Defense Start-ups Galvanize a Once Sleepy Sector

15 December 2025

As ingenuity becomes the essence of modern warfare, major defense companies are allying with nimble tech startups

Key Risks

  • Sector concentration – returns depend heavily on defense spending and may be volatile if budgets fall or political priorities change.
  • Geopolitical and regulatory – export controls, sanctions or shifts in international relations can adversely affect defense companies.
  • Liquidity – many defense technology firms are small or privately held; trading volumes may be limited, increasing price swings.
  • ESG/reputational – restrictions on controversial weapons or negative public sentiment can depress valuations.
  • Market risk – investors may lose some or all of their capital.

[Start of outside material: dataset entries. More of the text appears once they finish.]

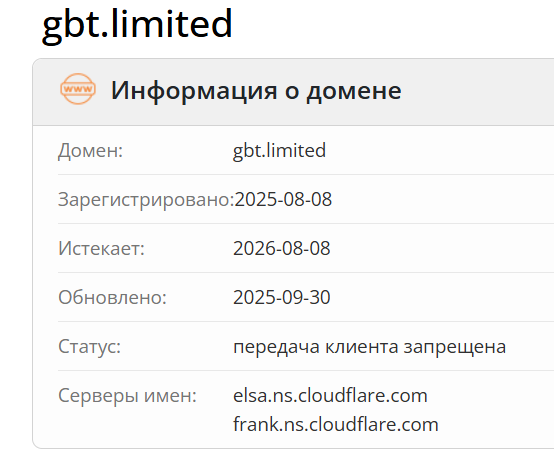 GBT Limited домен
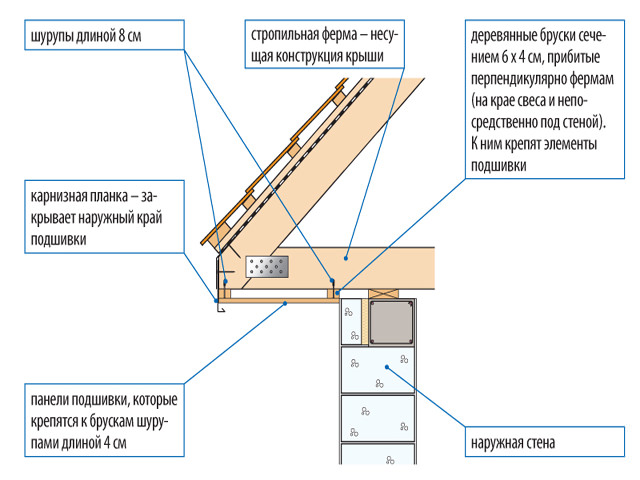 Отделка крыши в разрезе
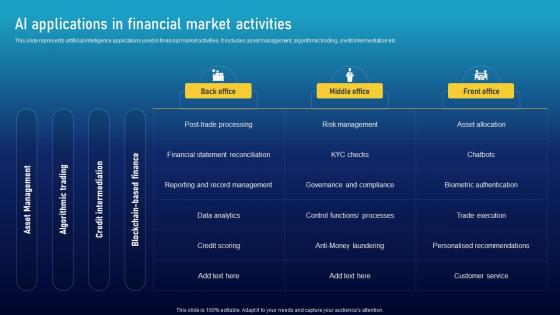 Ai Applications In Financial Market A Must Have Ai Tools To Accelerate Your Business Success AI SS V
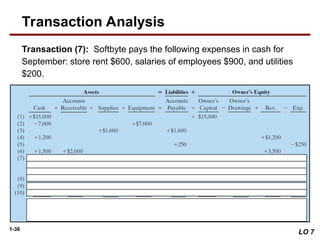 1-36
Transaction (7): Softbyte pays the following expenses in cash for
September: store rent $600, salaries of employees $900, and utilities
$200.
LO 7
Transaction Analysis
 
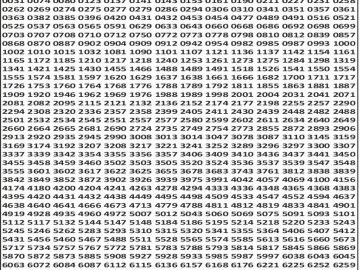Dear 50 lottery Result 16.04.2026 5PM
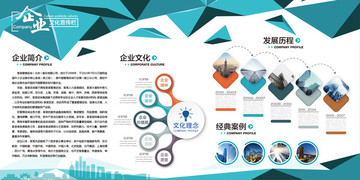 創(chuàng)意企業(yè)文化墻形象墻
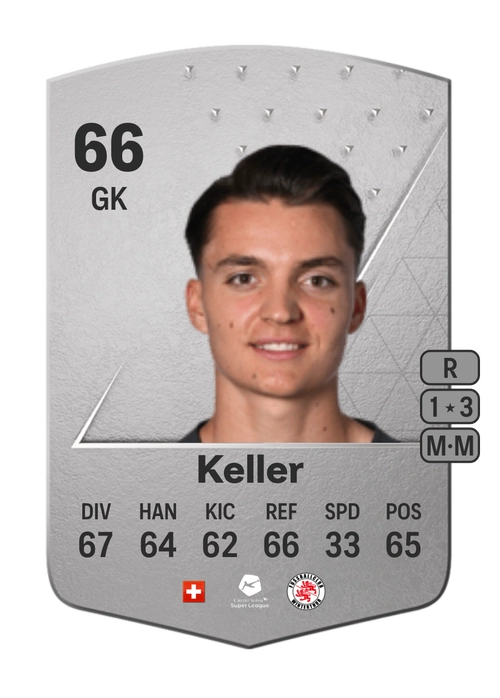 EA FC 24 Marvin Keller 66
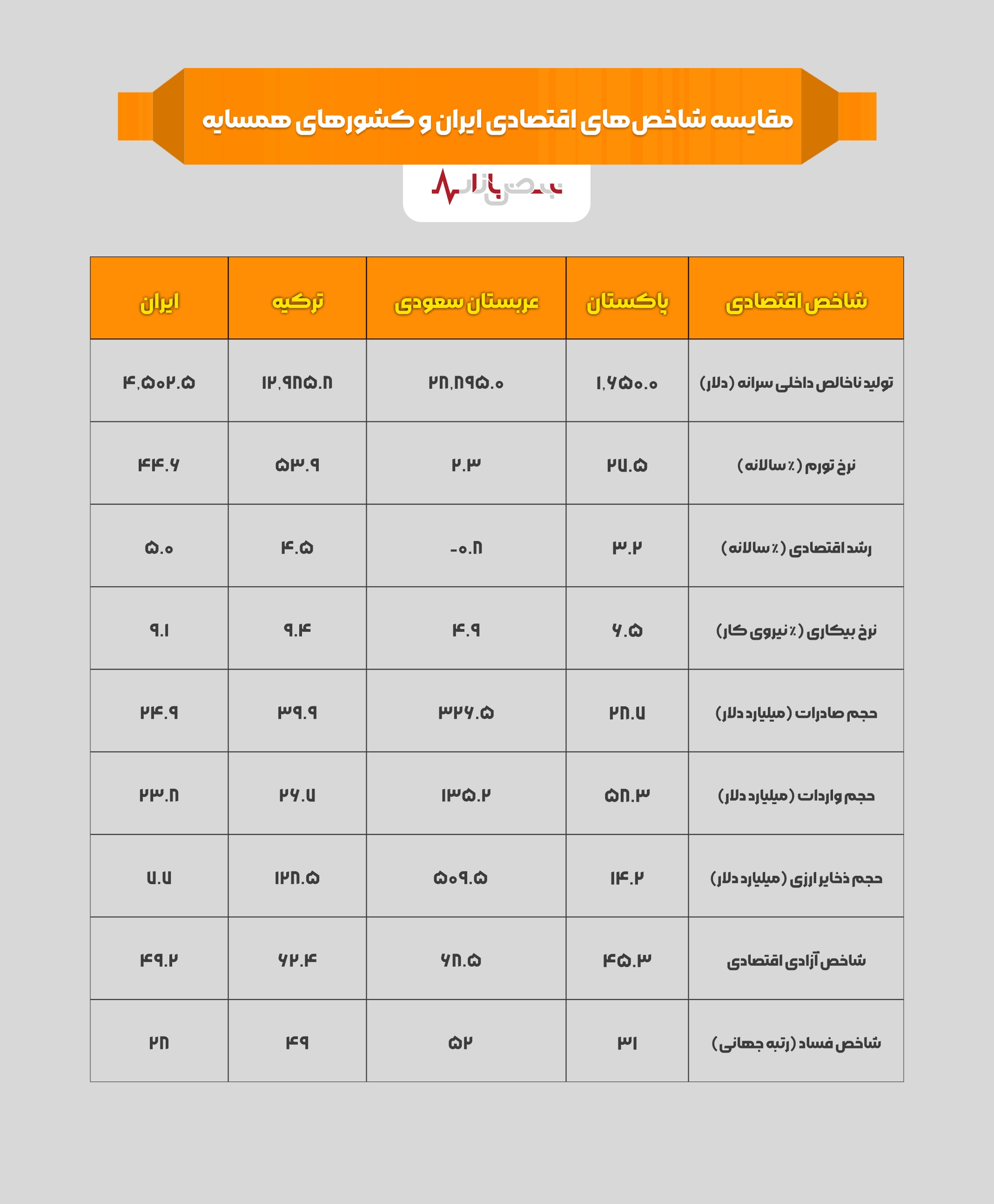 مقایسه حکمرانی اقتصادی در ایران و همسایگان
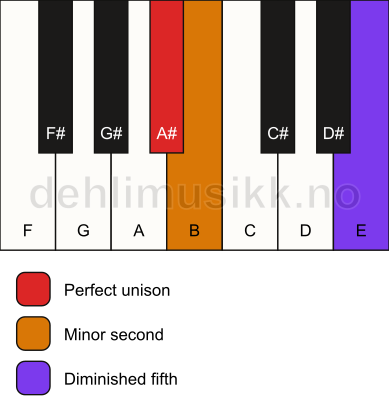 Piano keyboard showing the notes for a A# Viennese trichord chord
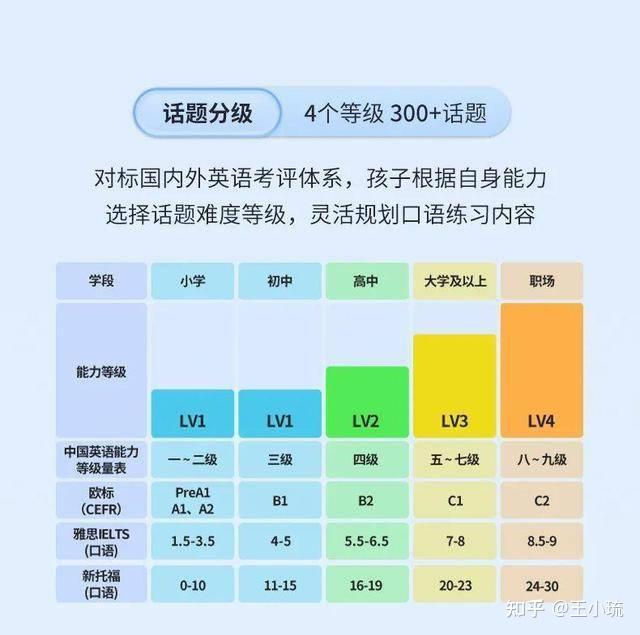 蓝牙音响问题排查：仅发双声无法感受完整音乐美感  第3张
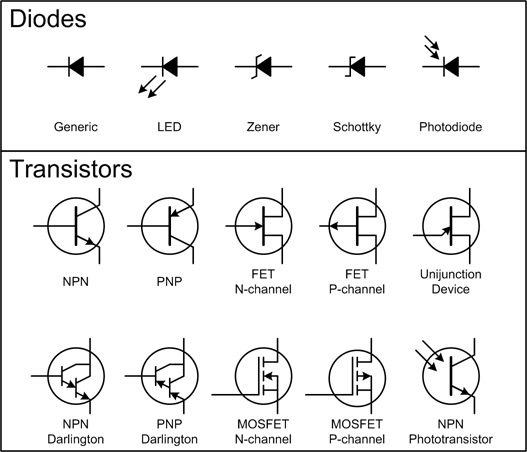 Solid-state components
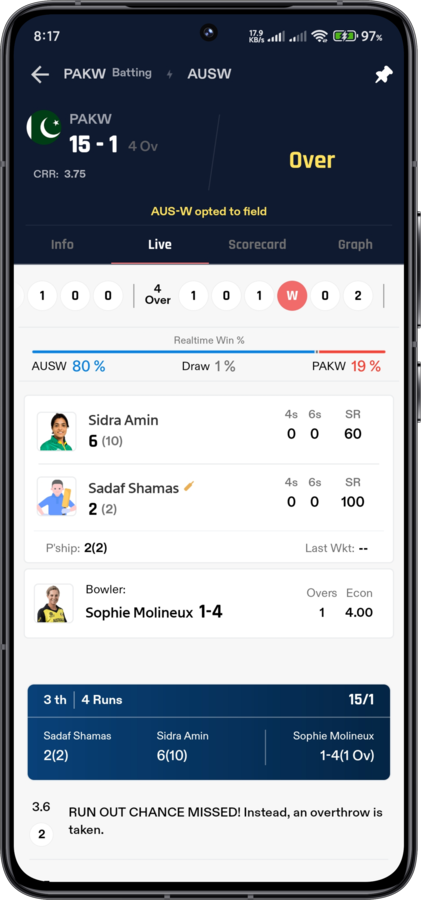 Live Cricket Score Ipl On Mobile App App Videobuddy Live Ipl Match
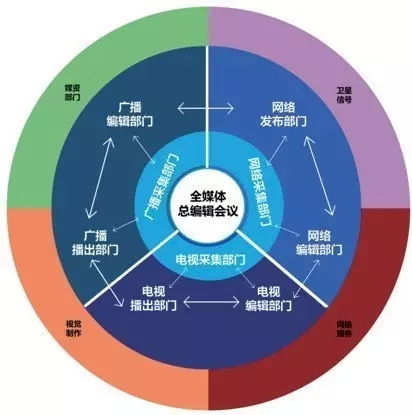 新媒体和融媒体有什么区别,融媒体和新媒体的区别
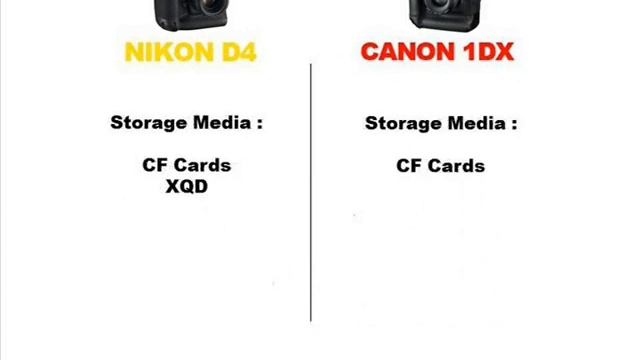 Nikon D4 vs Canon 1D X Comparison смотреть онлайн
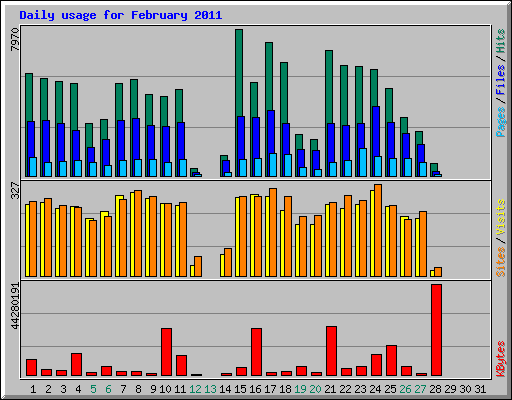 Daily usage for February 2011
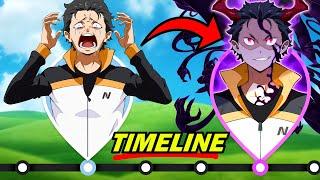 The Insane Lore & Timeline of Re:Zero EXPLAINED! The Truth about Subaru & Satella | ReZero Season 3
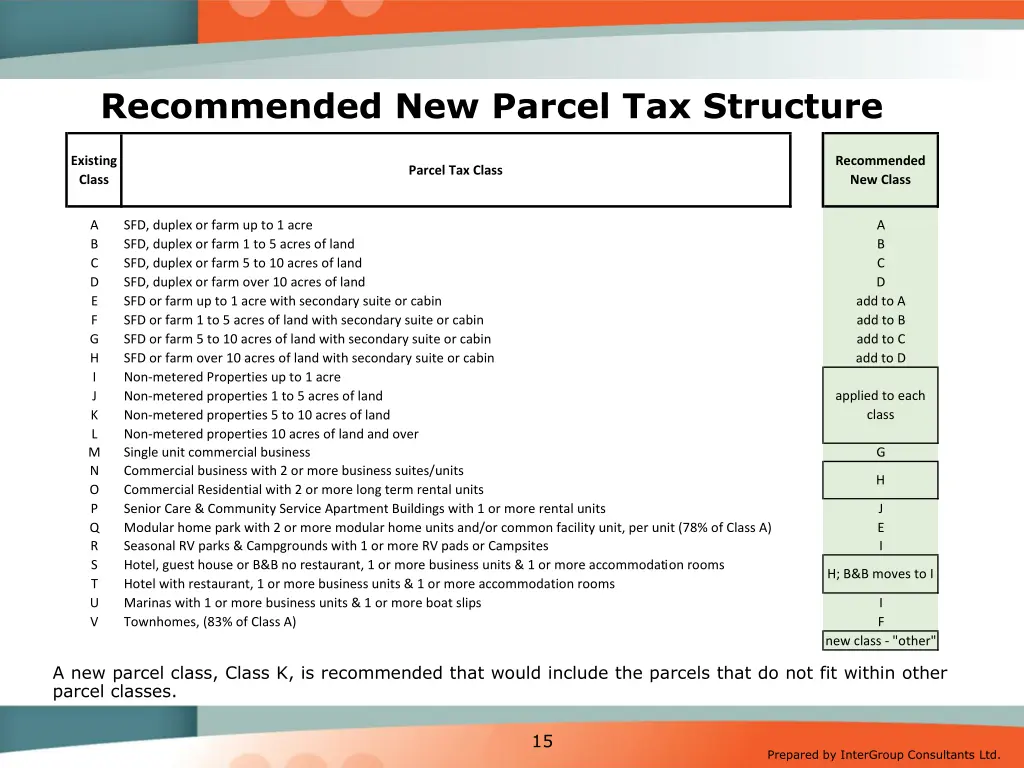 recommended new parcel tax structure 1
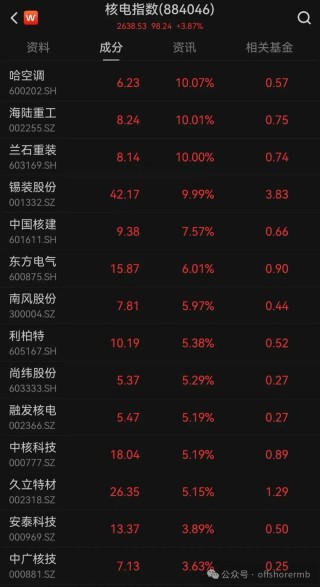 沪指冲高回落，这两个板块爆发！小米港股股价盘中下跌超6%，公司高管回应雷军减持传闻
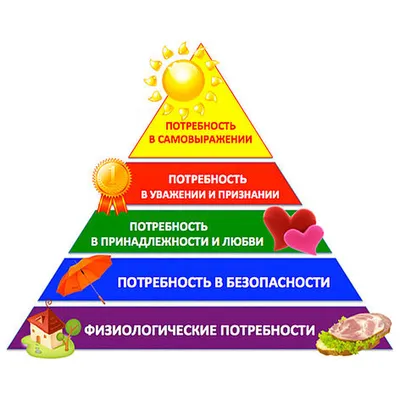 Пирамида Маслоу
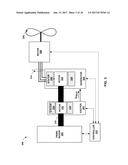 SYNCHRONOUS ELECTRICAL POWER DISTRIBUTION EXCITATION CONTROL SYSTEM diagram and image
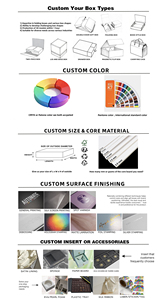 Scatole Rigide in Carta con Chiusura Magnetica EVA per Confezionamento di Fiale di Peptidi da 2ml, 3ml, 5ml, 10ml, con Stampa UV di Lusso, Contengono 2 Fiale - Product Image 4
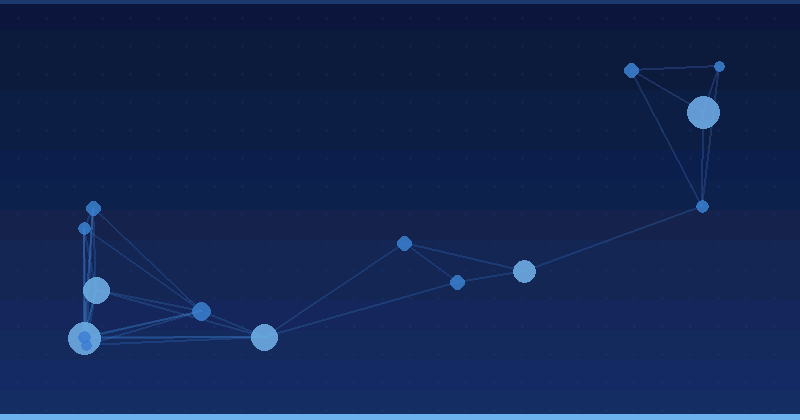 AI Optimizasiyası: Marketinq Mükəmməlliyi üçün Ən Yaxşı Generativ Cavab Mühərriklərinin Açılması — AI Optimization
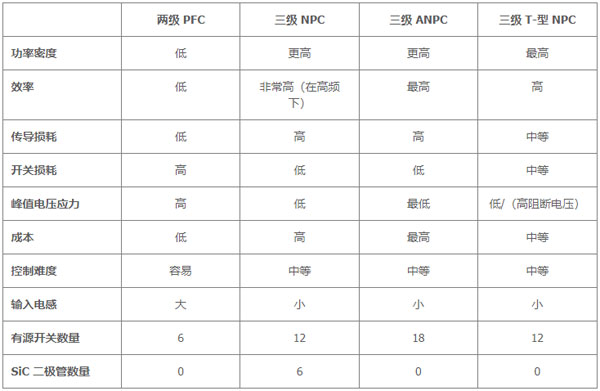 用于電動汽車快速充電的雙向拓撲：優(yōu)化尺寸、功率、成本或簡單性的選擇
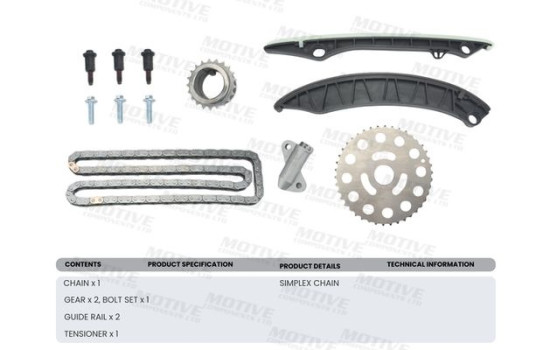 Chaîne de distribution Ensemble, Image 6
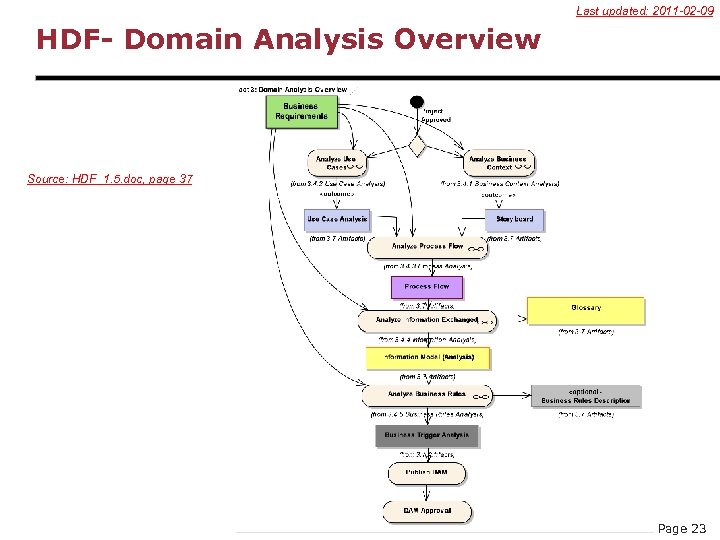 Last updated: 2011 -02 -09 HDF- Domain Analysis Overview Source: HDF_1. 5. doc, page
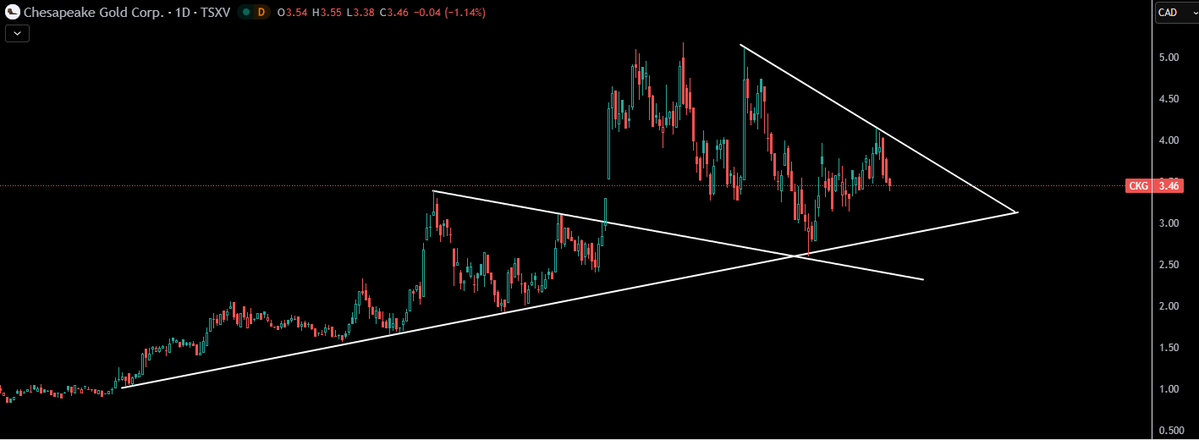 TheApeOfGoldST's tweet image. $CKG.v - Chesapeake Gold

#PATENT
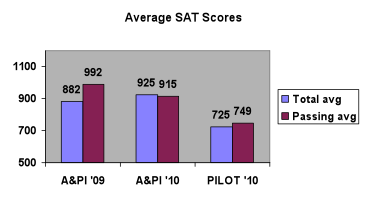 Graph on sats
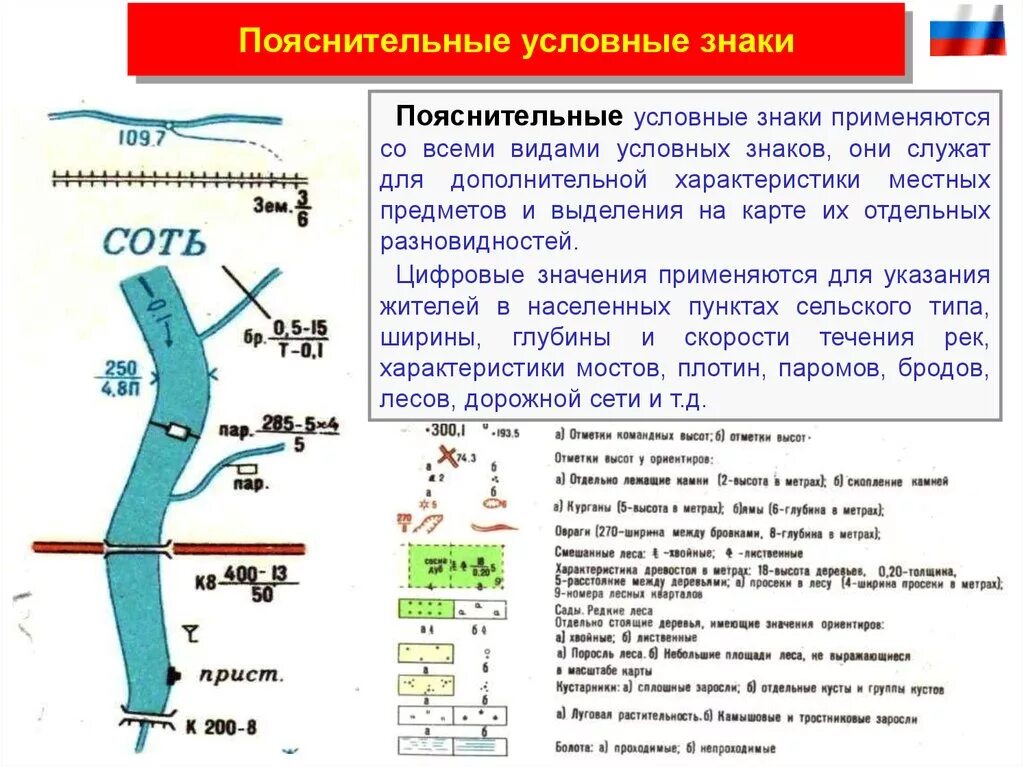 Описание условного знака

“In the dark waters off the west coast of Scotland, a slender submarine glider, like a torpedo with wings, slips under the surface and quickly disappears off into the murk.

“The SG-1 Fathom is on the prowl for intruders.”1

That was how the UK’s BBC broadcaster introduced a feature about Atlantic Bastion, a UK program to bolster the security of its vital underwater infrastructure. Made by the German-UK defense startup Helsing, the SG-1 Fathom is being trialed by the Royal Navy as part of a network of gliders listening for threats from submarines.

Helsing is one of a number of startups capitalizing on the lesson of the Russia-Ukraine conflict – that speed and ingenuity are key in modern wars. Defense technology firms are emerging fast in the US, Europe, the UK and India, making cutting-edge equipment such as unmanned ‘wingman’ fighter jets, drone boats, drone submarines and AI-driven autonomous software.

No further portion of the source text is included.